Polytheama

Há 200 anos Saint-Hilaire iniciava a viagem que apresentou Ibitipoca ao mundo

(Fotos: Leonardo Costa)

Há exatos duzentos anos partia da Freguesia de Inhaúma, no Rio de Janeiro, a expedição do botânico francês Augustin François César Prouvençal de Saint-Hilaire com rumo ao mar de montanhas de Minas Gerais. O naturalista, financiado pelo governo da França, coletou cerca de 30 mil amostras de plantas, animais e minerais que tinham como destino o Museu de História Natural, em Paris. 

Saint-Hilaire viajou pelas terras brasileiras entre os anos de 1816 e 1822, passou em áreas onde hoje se situam os estados de Goiás, Espírito Santo, Minas Gerais, Rio de Janeiro, São Paulo, Paraná, Santa Catarina e Rio Grande do Sul. Em suas anotações de campo, descreveu ainda aspectos geográficos e os costumes e modo de vida dos povos que visitava. Voltou ao país de origem em 1822, para estudar as coleções das suas viagens reveladas em várias publicações científicas. 

Na sua última viagem pelo Brasil o botânico foi herborizar na serra de Ibitipoca e O Pharol vai contar como que o francês de Orleans, nascido nas históricas margens do rio Loire, foi parar no Pico do Pião.

Freguesia de Inhaúma, 29 de janeiro de 1822

“Parti a 29 de janeiro de 1822 acompanhado de meu novo arreieiro, de Laruotte, e dois Guaranys montados. Firmiano vai a pé…Quem poderá pintar as belezas ostentadas pela baía do Rio de Janeiro, esta baía que, segundo o almirante Jacob, tem a capacidade de todos os portos europeus juntos? Quem poderá descrever aquelas ilhas de formas tão diversas que de seu seio surgem, essa multidão de enseadas a desenhar-lhes os contornos, as montanhas tão pitorescas que as emolduram, a vegetação tão variada que lhes embeleza as praias?!”
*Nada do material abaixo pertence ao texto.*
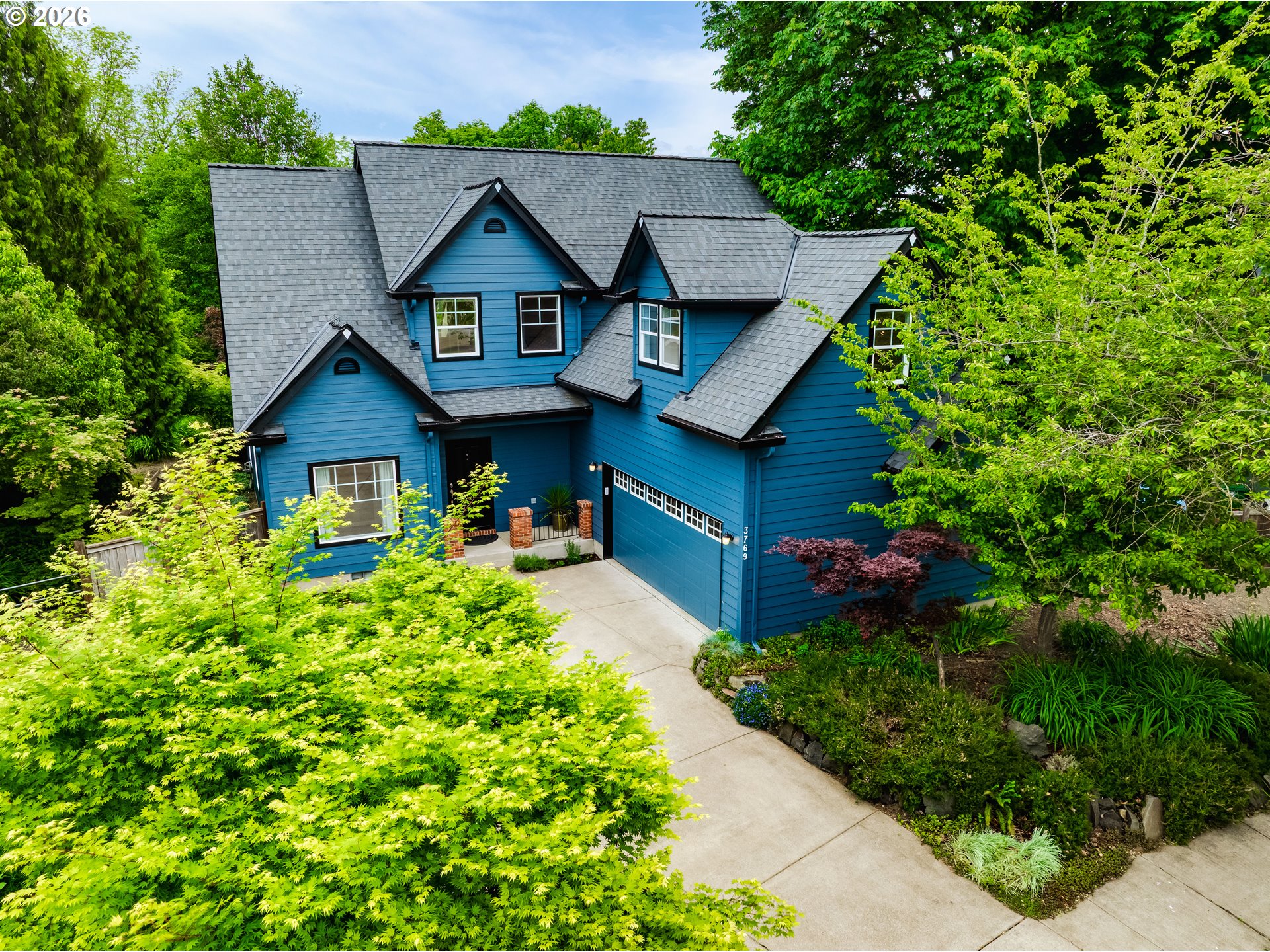 3769 Julia Loop Eugene, OR 97404 - Photo 1 of 46 a front view of a house with a yard and potted plants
A expedição saiu da freguesia, hoje bairro de Inhaúma, zona norte do Rio de Janeiro, com destino ao Caminho do Comércio. A comitiva pernoitou no engenho da Paróquia de Santo Antônio de Jacutinga, hoje a Catedral de Nova Iguaçu, no dia 30. Quatro dias depois, já cortava o rio Paraíba do Sul, na região de Vassouras.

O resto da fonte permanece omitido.